(Exercise data):
::::::::

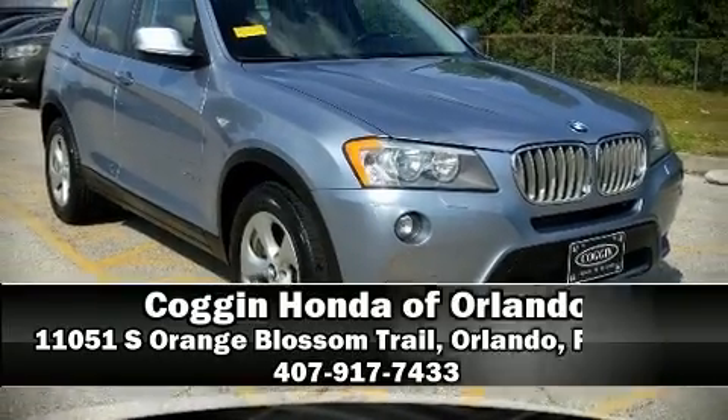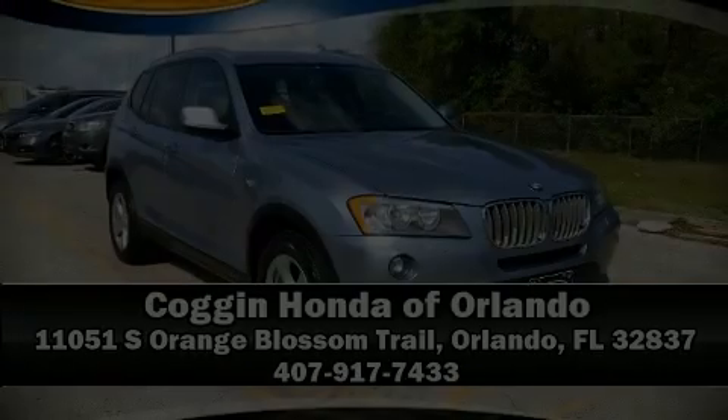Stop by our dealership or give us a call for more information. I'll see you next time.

::::::::

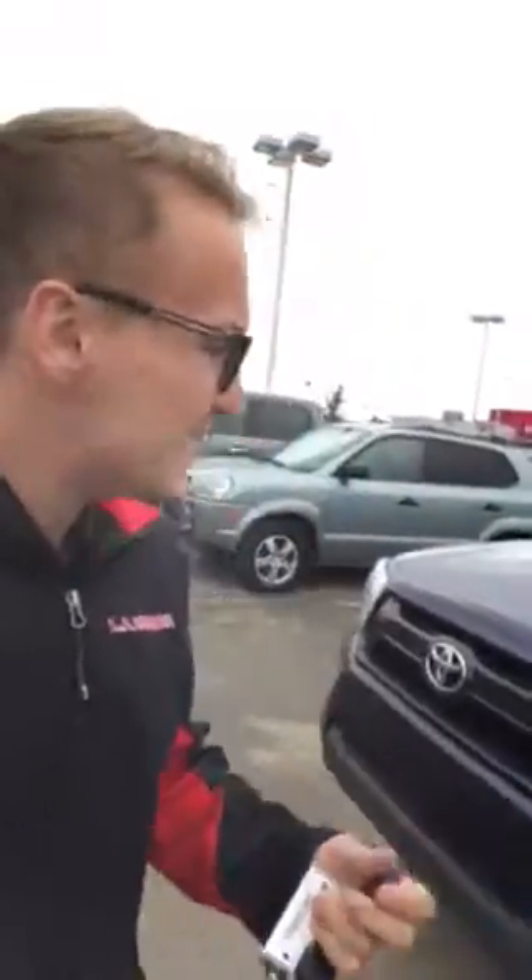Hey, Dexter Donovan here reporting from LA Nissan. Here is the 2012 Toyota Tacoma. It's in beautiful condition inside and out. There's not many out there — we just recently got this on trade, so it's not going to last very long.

::::::::

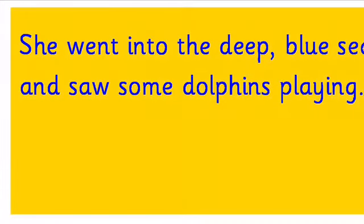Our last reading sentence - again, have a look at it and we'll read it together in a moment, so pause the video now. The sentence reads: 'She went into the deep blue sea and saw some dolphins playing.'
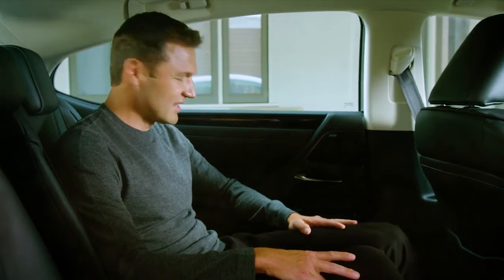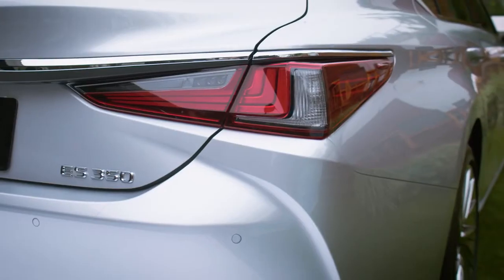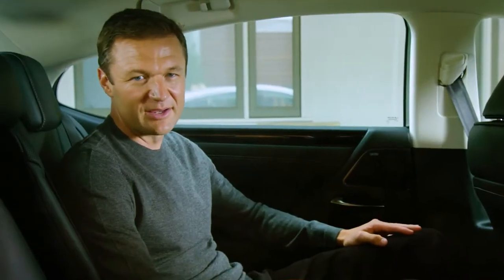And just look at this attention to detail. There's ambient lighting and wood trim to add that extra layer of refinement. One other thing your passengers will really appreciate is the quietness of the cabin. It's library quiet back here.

::::::::

(Problem description):
Repeat exactly the lines above, from the line that contains "Our last reading" down through the line that contains "And just look". Include both of those lines and none of the pictures.

(Response):
Our last reading sentence - again, have a look at it and we'll read it together in a moment, so pause the video now. The sentence reads: 'She went into the deep blue sea and saw some dolphins playing.'
And just look at this attention to detail. There's ambient lighting and wood trim to add that extra layer of refinement. One other thing your passengers will really appreciate is the quietness of the cabin. It's library quiet back here.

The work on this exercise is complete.